Puppy Symptoms of Canine Herpes Virus
- Sudden death of newborn puppy
- Weakness, lethargy
- Persistent crying
- Lack of suckle reflex/appetite
- Painful abdomen
- Soft, yellow/green faeces
- Cold puppies
- Breathing difficulties/discharge from the nose
- Haemorrhages, nose bleeds/bruises
- Older puppies may develop nervous system abnormalities, including blindness and seizures
Preventing Canine Herpes Virus Spread
Before breeding your dog, be it male or female, ask your vet for a test to see if your dog has antibodies, and therefore has at some point been exposed to CHV.
This is similar to an STD test in humans.
The Canine Herpes Vaccine
Your vet can then advise you on the best course of action. There is a vaccine that can be given details are as follows;
- First injection is given either when the female is in season or 7-10 days after date of mating.
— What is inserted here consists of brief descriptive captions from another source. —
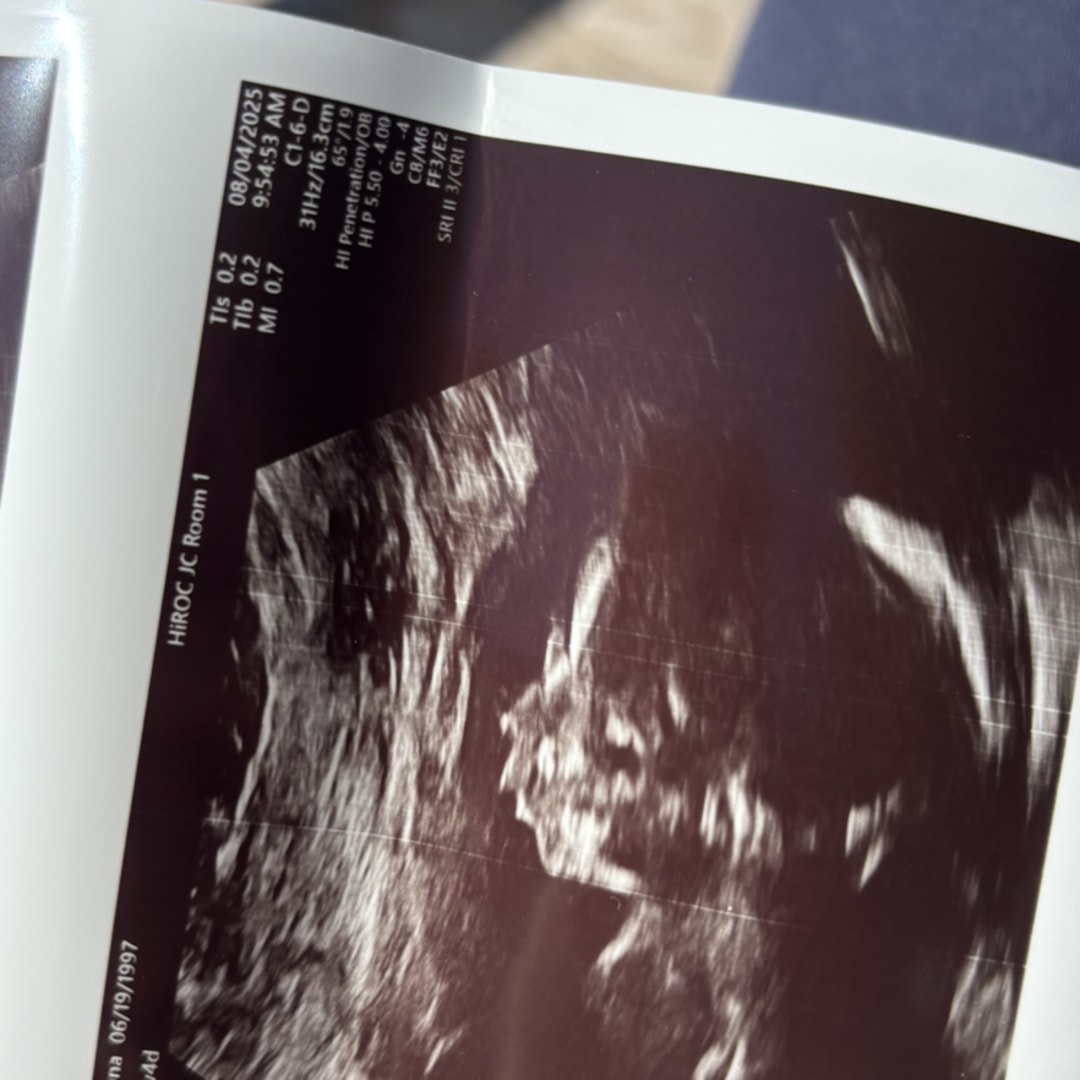 Photo shared by Brea for their Babylist baby registry.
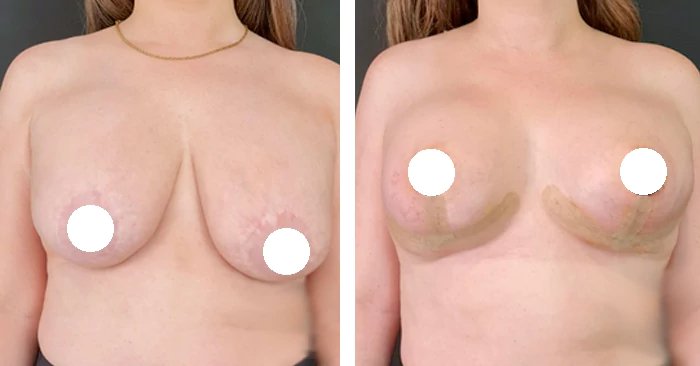 before & after photo of breast-implants-revision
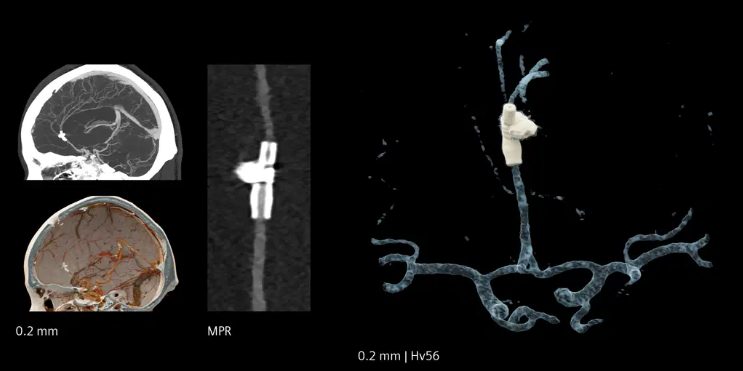 Ressonância Magnética e Adenomiose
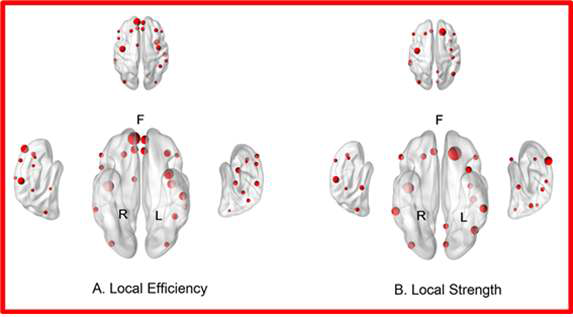 환자군에서 Local efficiency와 local strength의 값이 정량적 차이를 보인 뇌영역들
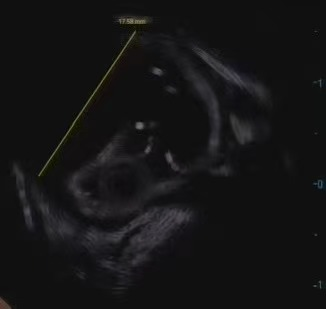 这个部位总有异物感?!医生:早查!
- Second injection is given 1-2 weeks before the expected whelping date
Revaccination via the same schedule for each mating is advised. This will prevent the infection from resurfacing in a later whelping.
Diagnosing Fading Puppy Syndrome
A breeder will first notice a “puppy fading” when not suckling well. The puppy may be noisy, almost mewing like a kitten. It will usually be cold and not active. They often crawl away to the corner, alone.
This then starts to happen to another, and then another. It is heartbreaking and very distressing for the bitch.
If any of your puppies appear to be showing any signs of illness or abnormal behaviour, contact your vet immediately.
The sooner you get treatment, the higher the survival rate will be. There is no cure, but there are options to support the puppies. If you act fast you can aid their recovery and save their lives.
Take action fast to stop the spread
Don’t waste time. If one or more puppies are showing signs, separate them from the rest of the litter as soon as possible.
They can quickly pass the virus on to other littermates who may be healthy. Not all of the puppies in one litter will contract CHV, and therefore preserving the health of the puppies that are not affected is crucial.
Remember to maintain temperature appropriately. CHV thrives in the body at lower temperatures.
One way to help the recovery of your puppies, or prevent more of them from becoming ill, is to keep the room and body temperature of your puppies warm.
The temperature should be maintained between 29-32 degrees for the first week to ten days.
Newborn puppies cannot regulate their own temperature and quickly get cold.
- Separate affected puppies
- Call the vet
- Keep them warm
While CHV is usually fatal in young puppies, some puppies will manage to avoid catching the infection from an affected female, and some will survive.
Do not automatically assume that you will lose the whole litter.
NOTE; humans cannot contract Canine Herpes Virus from dogs.